President Joe Biden’s budget submission to Congress is quite staggering. Not in a good way.

It calls for record-breaking amounts of spending, taxes, deficits, and debt. It is a budget that generations will pay for in slower economic growth, higher taxes, and overwhelming debt for years to come. The budget proposes spending $6 trillion in fiscal 2022, rising to $8.2 trillion in 2031, and totaling nearly $70 trillion over the next 10 years. Total government spending would average 24.5% of GDP, far above the 21% it has averaged for the last 50 years. There has never been a 10-year period in our history with government spending at this high a level.

How to pay the bill?

Biden calls for $3.6 trillion in tax increases over the next 10 years, the largest tax increase in history. Under the budget, taxes as a percentage of GDP would increase from 16.3% in 2020 to 19.9% in 2031. The tax burden on the economy would average 19.3% over the next 10 years, well above the 17.4% average over the last 50 years.

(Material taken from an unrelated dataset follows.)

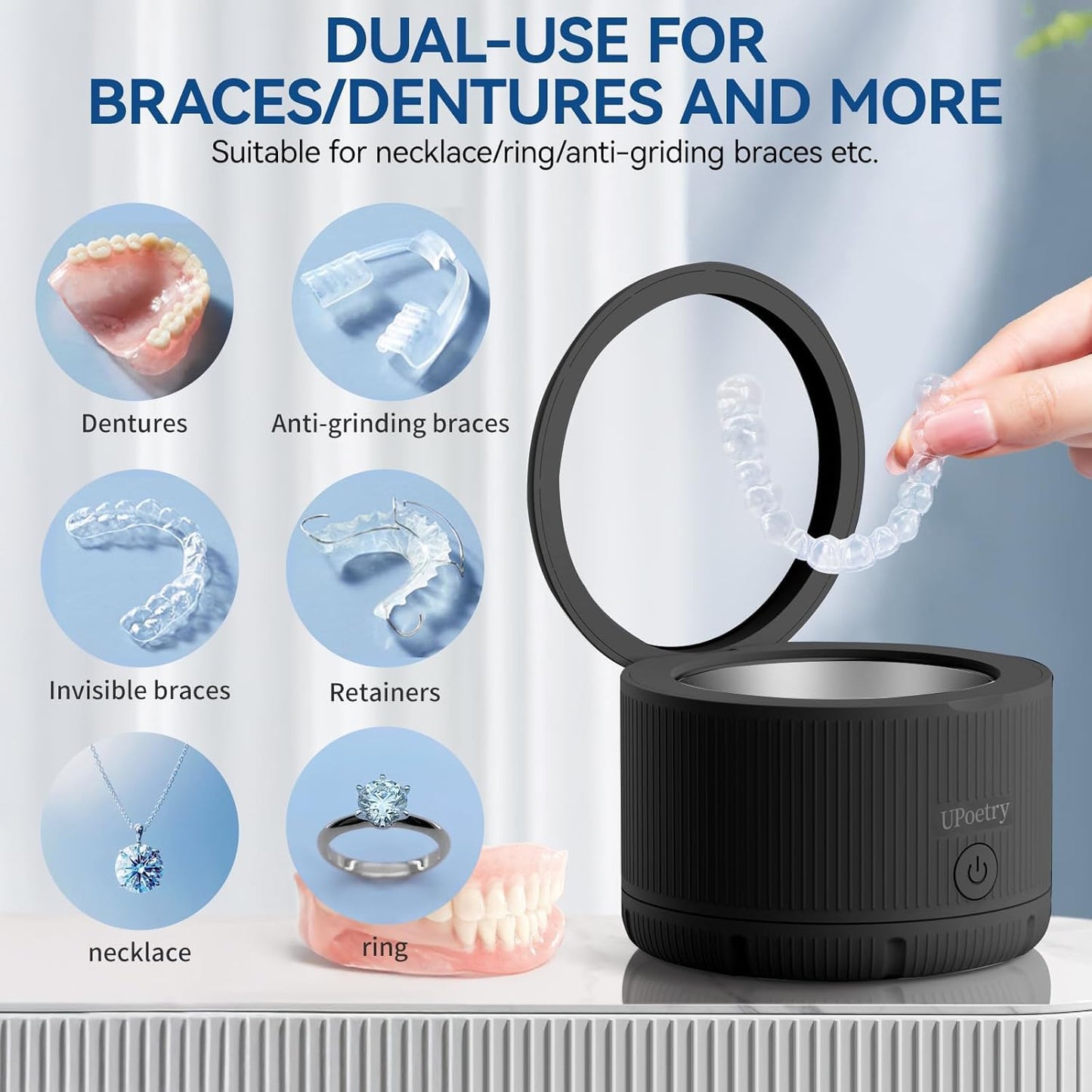 UPoetry Ultrasonic Retainer Cleaner - Dental Cleaning Pod for Braces, Dentures, Pacifiers, Mouth Guards, Jewelry & Toothbrush Heads, 150ml Portable Cleaning Machine (Without 12pcs Tablets Black)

Individual taxes would more than double, from $1.6 trillion in 2020 to $3.5 trillion in 2031. Corporate taxes would more than triple, from $212 billion in 2020 to $693 billion in 2031. The maximum tax rate on savings and investment would nearly double, increasing to the highest rate in 100 years.

Despite record tax increases, federal deficits would soar, running at more than $1 trillion a year for the next 10 years and totaling nearly $15 trillion, a 10-year level never seen before. Debt held by the public would nearly double, increasing from $21 trillion in 2020 to $39 trillion in 2031. That debt level would be 117% of GDP, a level never before reached in our history, not even during World War II.

Biden says that only the rich and big corporations will have to pay more. But that is not the case. Everyone will have to pay. You and I will have to pay for this budget through lower post-tax wages, higher consumer prices, and lower retirement savings as saving and investment in our economy fall. We will pay for this budget through slower economic growth, higher inflation, lost jobs, and a drop in U.S. competitiveness.

Put simply, Biden’s fiscal offering is a road map to a lower standard of living for all of us. Congress should reject it out of hand.

Bruce Thompson was a U.S. Senate aide, assistant secretary of the treasury for legislative affairs during the Reagan administration, and director of government relations for Merrill Lynch for 22 years.